Anyone concerned with their website’s search engine optimisation would do well to ensure they have an understanding of how the search engine ‘crawlers’ work. There’s a basic introduction from Google here but the company doesn’t give away too much technical detail, as you might expect.
Many people have spent time trying to reverse engineer what the ‘Googlebots‘ do, and one way to achieve this is by analysing sites’ log files. In What I Learnt from Analysing 7 Million Log File Events on the Screaming Frog blog, author Roman Adamita reports on an analysis of the log file for a 100,000-page eCommerce site. There are some interesting observations.
In the case of that website, Googlebot crawled the robots.txt file between 6 to 60 times per day! Our websites might not get as many visits, but I just checked the server log of a small blog I run that posts once a week, and on a randomly selected day Googlebot checked 23 different pages, some of them several times. It’s a mind-boggling data collection operation.
That said, don’t assume the search engine crawlers will be around in a minute. If you’re adding something urgent to your site, use the page-submission tool in Google Search Console to get it crawled more quickly.

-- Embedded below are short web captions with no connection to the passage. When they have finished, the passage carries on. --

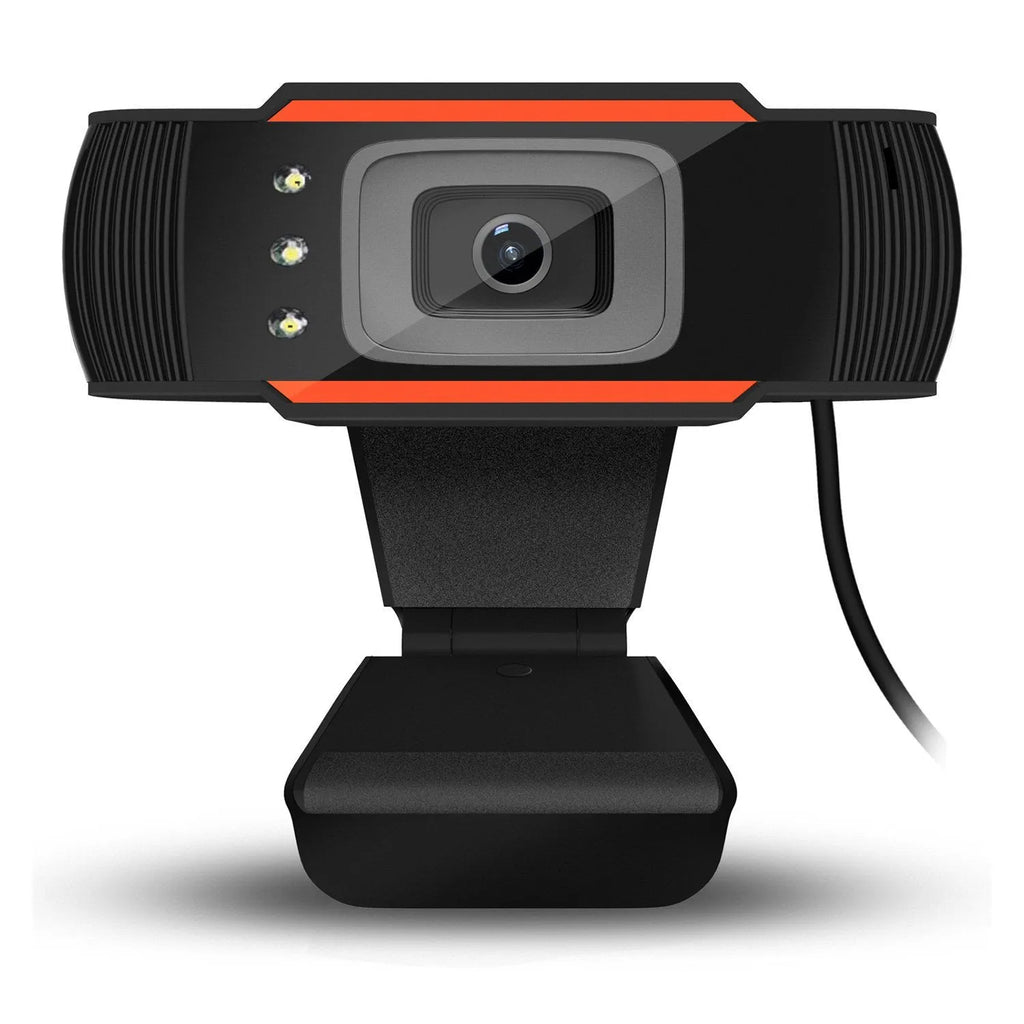USB LED fill light webcam in black with adjustable brightness, compact desktop camera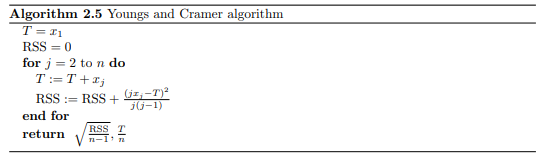 Show that upon completion Algorithm 2.3 will return the sample residual sum-ofsquares. Show that the...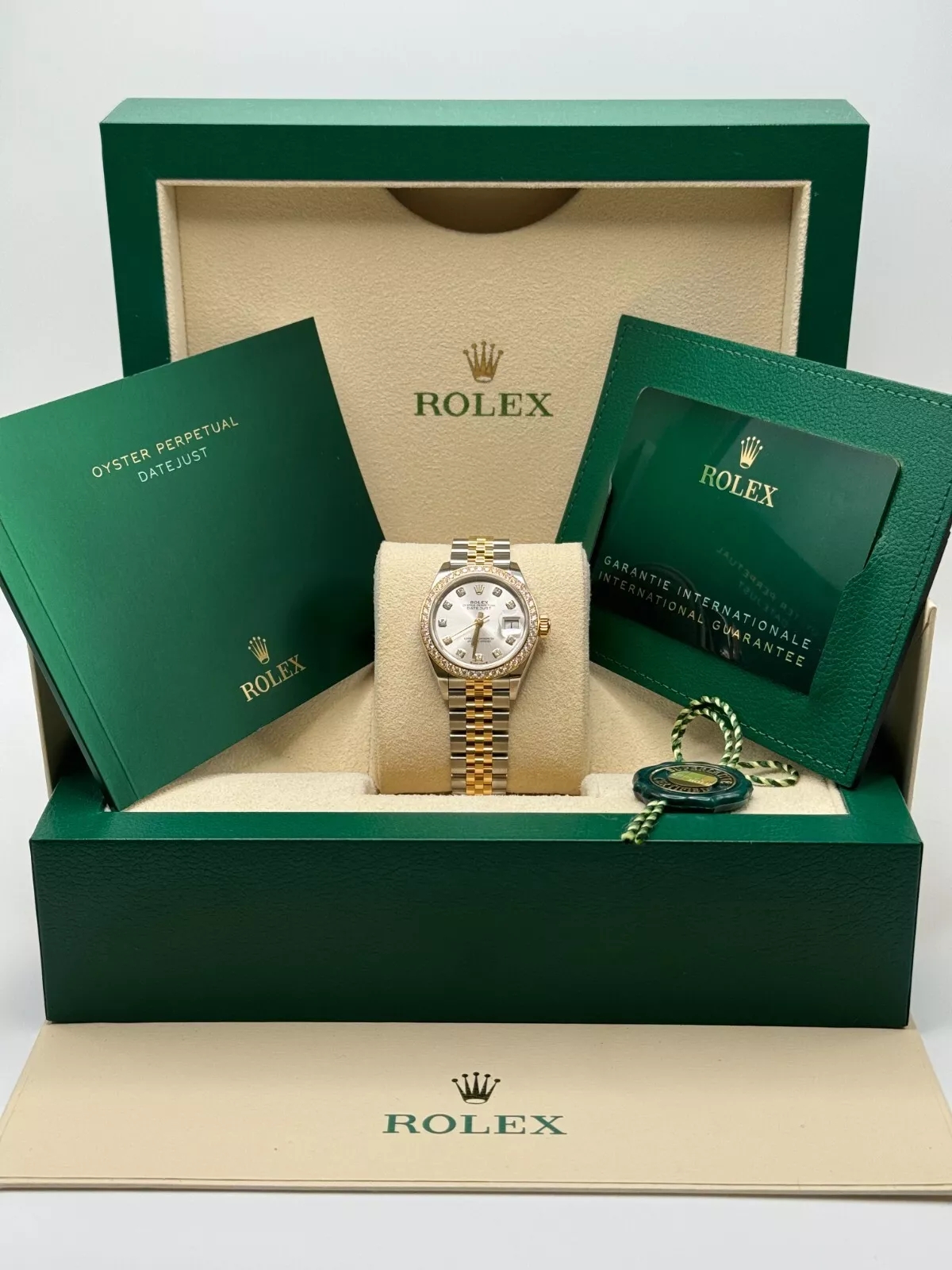 RLX Lady-Datejust 28mm 279383RBR Silver Diamond Dial Yellow Rolesor Oyster Bracelet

Some of the most interesting observations in the article concern pages that have gone away. It seems that ‘404’ (gone away) pages may be crawled unlimited times, perhaps because there are internal or external links to those pages, including in the sitemap. If we don’t want to waste Googlebot visits, it’s important to identify and remove these links to nonexistent URLs. Also, ‘301-redirected’ URLs can be crawled for up to a year, so keep those redirects in place.